Lessons from Japan

By • on May 11, 2011

In 1945 the catastrophe was inflicted by the enemy. In what remains till date the most horrendous attack on human beings, over three lakhs were killed in Hiroshima and Nagasaki and many more continued to suffer because of radioactivity related ailments. Today it is self-inflicted catastrophe for Japan . What makes the tragedy of this most ill fated nation on earth, from the point of view of nuclear mishaps, more ironic is that it had resolved not to develop a nuclear weapon programme. The Japanese argument was that they would not like any other human population on earth to suffer the way they did in 1945 attack. In spite of this noble resolve they chose to go ahead with a big nuclear energy programme for power generation. They would have never imagined that their nuclear power plants would one day bring back the nightmares of Hiroshima and Nagasaki to haunt them.

There seems to be no end to the horror at Fukushima . The emergency crew is on the job to contain damage round the clock but new reports of radiation release pour in every day. In a ridiculous attempt to allay public fears first the Tokyo Electric Power Company reported a radiation level is water at the reactor No. 2 in Fukushima Daiichi plant to be 1 crore times higher than permissible limit causing panic among workers but later retracted it claiming it to be erroneous and conveyed the radiation levels were in fact only 1 lakh times higher! Should that be considered a cause for relief. Even one lakh times higher radiation levels can be fatal for human beings. Already radiation release from this accident has affected large parts of water, soil, food in this area and probably made it inhabitable, at least for some time to come. Already people are leaving the place as they don’t consider it safe living here.

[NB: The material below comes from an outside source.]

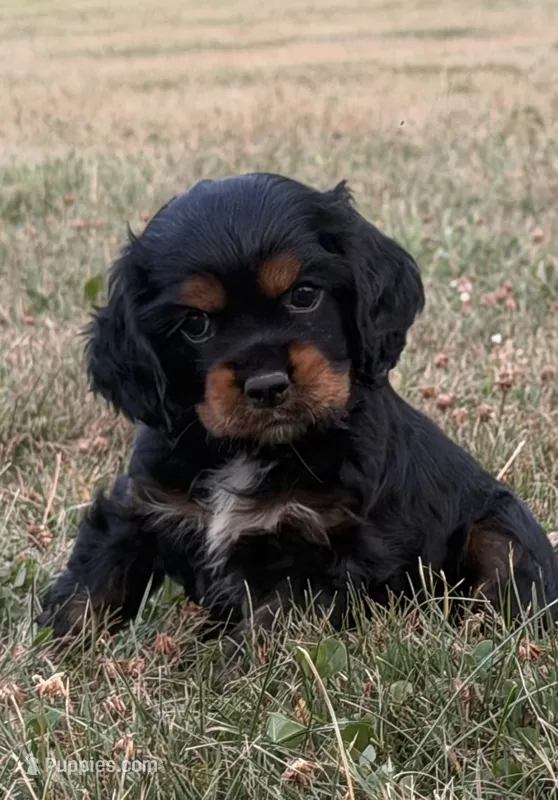 Hanna – Cocker Spaniel puppy for sale in Athens, WI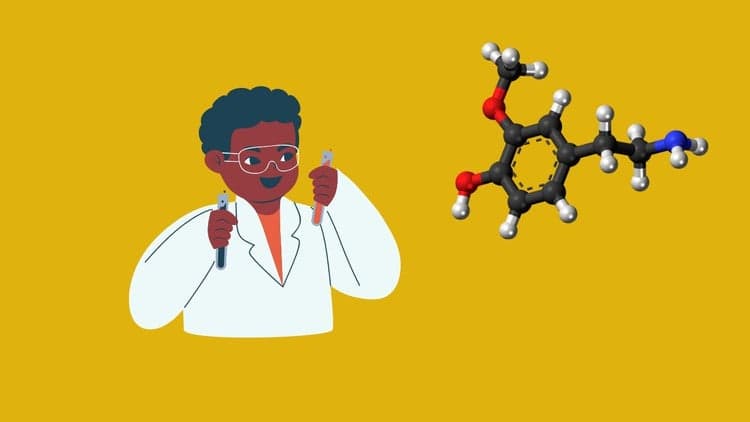 Introduction with Amines (Organic Chemistry) - Free Udemy Course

One can only salute the emergency crew members who are trying to bring the plant under control knowing full well the dangers that their government is exposing them to. In Hiroshima and Nagasaki people had no choice as they were caught unawares. In Fukushima even though the earthquake and tsunami caught them unsuspecting, the scientists who built the nuclear power plants were well aware of the dangers involved in this technology.